1. We will use the data on California schools used in class. For this, load the package AER (you will have to install it first, but do not copy that line in the lab), and load the dataset as in class.
library(AER)
## Loading required package: car
## Loading required package: carData
## 
## Attaching package: 'car'
## The following object is masked from 'package:dplyr':
## 
##     recode
## The following object is masked from 'package:purrr':
## 
##     some
## Loading required package: lmtest
## Loading required package: zoo
## 
## Attaching package: 'zoo'
## The following objects are masked from 'package:base':
## 
##     as.Date, as.Date.numeric
## Loading required package: sandwich
## Loading required package: survival
data("CASchools")
  1. Compute the distribution of the read score conditional on the county being “Los Angeles” (pay attention to quotes).
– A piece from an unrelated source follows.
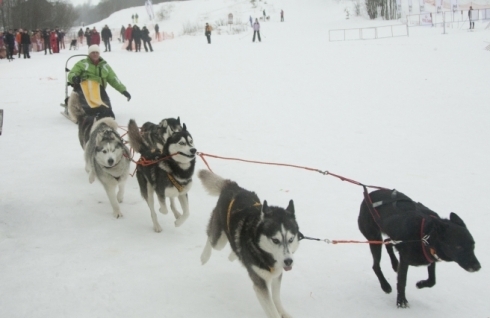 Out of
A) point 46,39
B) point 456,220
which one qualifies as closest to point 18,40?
point 46,39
Call it read_la.
library(tidyverse)
colnames(CASchools)
##  [1] "district"    "school"      "county"      "grades"      "students"   
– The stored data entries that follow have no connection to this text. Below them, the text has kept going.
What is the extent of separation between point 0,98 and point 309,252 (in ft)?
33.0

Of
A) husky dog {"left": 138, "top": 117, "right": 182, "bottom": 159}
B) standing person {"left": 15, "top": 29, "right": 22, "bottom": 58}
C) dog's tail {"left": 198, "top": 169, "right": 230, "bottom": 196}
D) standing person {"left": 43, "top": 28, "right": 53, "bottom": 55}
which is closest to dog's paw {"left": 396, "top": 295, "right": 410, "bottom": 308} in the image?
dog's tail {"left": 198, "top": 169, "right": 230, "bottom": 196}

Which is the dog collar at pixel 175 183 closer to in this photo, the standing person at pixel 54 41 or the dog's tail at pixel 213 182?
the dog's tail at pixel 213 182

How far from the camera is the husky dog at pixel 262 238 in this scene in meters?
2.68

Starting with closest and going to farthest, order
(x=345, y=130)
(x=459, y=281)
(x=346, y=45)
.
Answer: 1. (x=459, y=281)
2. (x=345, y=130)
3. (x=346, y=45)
##  [6] "teachers"    "calworks"    "lunch"       "computer"    "expenditure"
## [11] "income"      "english"     "read"        "math"
read_la <- CASchools[CASchools$county == "Los Angeles",]
ggplot(read_la, aes(x = read)) + geom_histogram(bins = 30) + geom_density()

  1. Now create a new variable equal to the number of computers per student and add it to the original dataset CASchools.
CASchools <- CASchools[!is.na(CASchools$computers),]
CASchools$computers[CASchools$computers==0] <- NA
CASchools$students[CASchools$students==0] <- NA
CASchools$computers_per_student <- CASchools$computers / CASchools$students
  1. Define a new variable indicating if more than 10% of students have a computer.
CASchools$computer_more_than_10 <- ifelse(CASchools$computer_ratio > 0.1, 1, 0)
  1. Plot two distributions of the read score: the distribution of conditional on less than 10% of the students having a computer, and the distribution conditional on more than 10% of students having a computer. Make sure to define the labels.
library(ggplot2)
read_less_than_10 <- CASchools[CASchools$computer_more_than_10 == 0,]
read_more_than_10 <- CASchools[CASchools$computer_more_than_10 == 1,]
ggplot() +
  geom_density(data = read_less_than_10, aes(x = read), color = "red", fill = "red", alpha = 0.5) +
  geom_density(data = read_more_than_10, aes(x = read), color = "blue", fill = "blue", alpha = 0.5) +
  xlab("Read Score") +
  ylab("Density") +
  ggtitle("Reading Score Distribution") +
  scale_x_continuous(limits = c(0,100)) +
  scale_fill_manual(name = "Computer Ratio", labels = c("< 10%", "> 10%"), values = c("red", "blue"))

  1. Can you add the population distribution? How do the distributions differ?
read_population <- CASchools[,]
geom_density(data = read_population, aes(x = read), color = "black", fill = "black", alpha = 0.5)
## mapping: x = ~read 
## geom_density: na.rm = FALSE, orientation = NA, outline.type = upper
## stat_density: na.rm = FALSE, orientation = NA
## position_identity
  1. Are the distributions different? How? yes one is on population and one is on reading scores

  2. Make a table showing how the mean value of the read score differs by the share of students with a computer (more or less than 10%).